[ABOUT THIS EXERCISE]:
Would you please give every entry again exactly, without the pictures?

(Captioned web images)
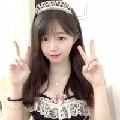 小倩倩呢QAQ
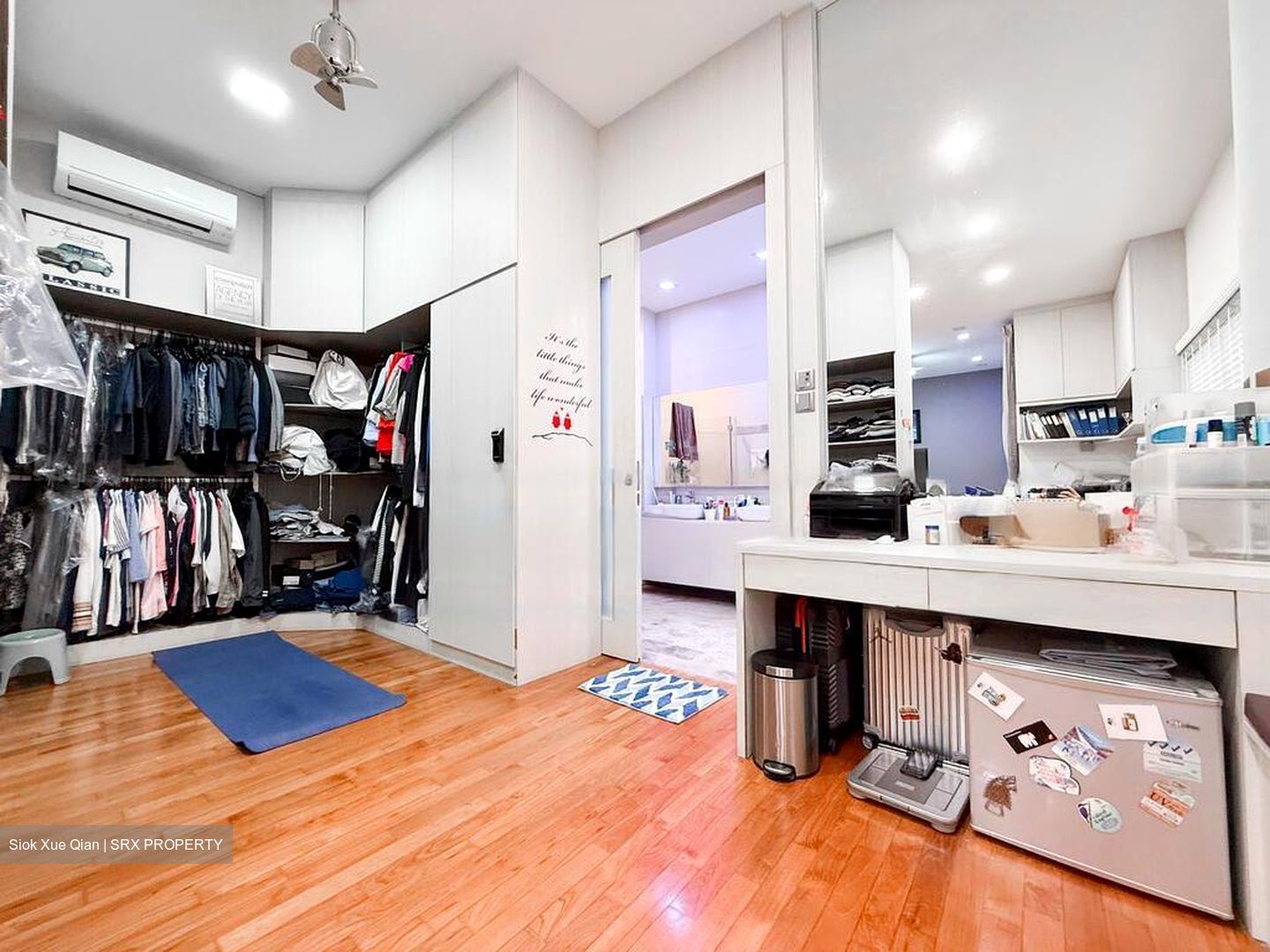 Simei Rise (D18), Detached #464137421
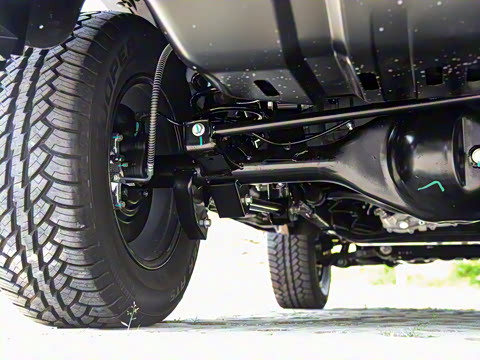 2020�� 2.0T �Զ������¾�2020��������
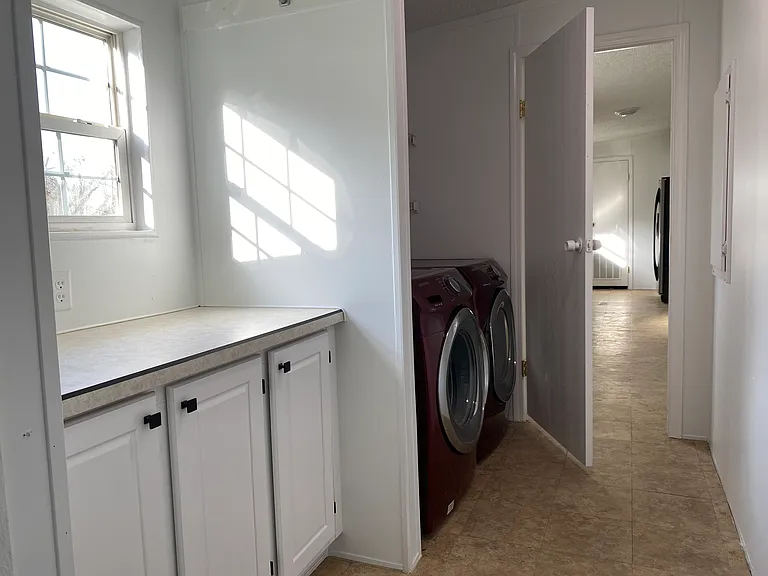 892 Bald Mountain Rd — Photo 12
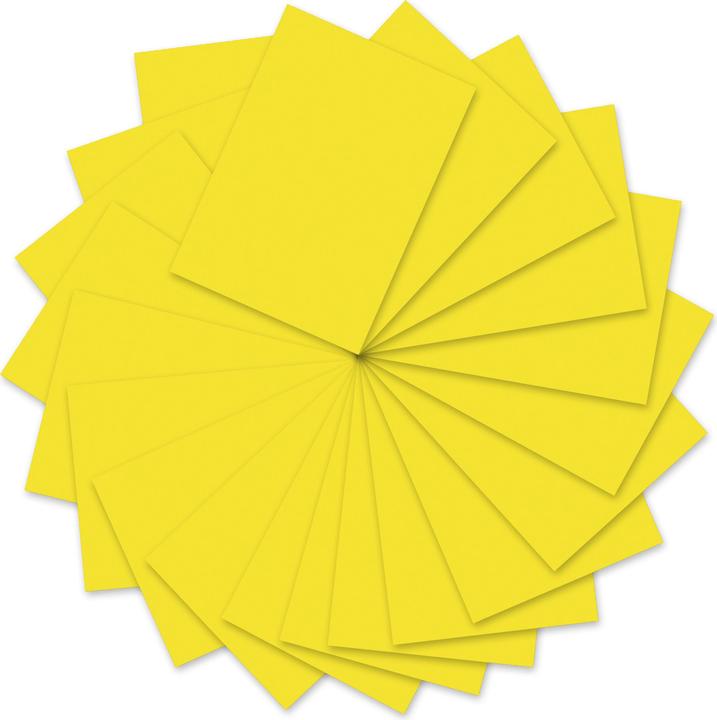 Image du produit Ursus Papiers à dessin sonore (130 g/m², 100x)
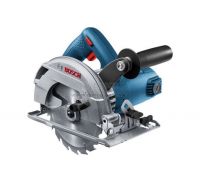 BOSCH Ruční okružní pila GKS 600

[RESPONSE BELOW]:
 小倩倩呢QAQ
 Simei Rise (D18), Detached #464137421
 2020�� 2.0T �Զ������¾�2020��������
 892 Bald Mountain Rd — Photo 12
 Image du produit Ursus Papiers à dessin sonore (130 g/m², 100x)
 BOSCH Ruční okružní pila GKS 600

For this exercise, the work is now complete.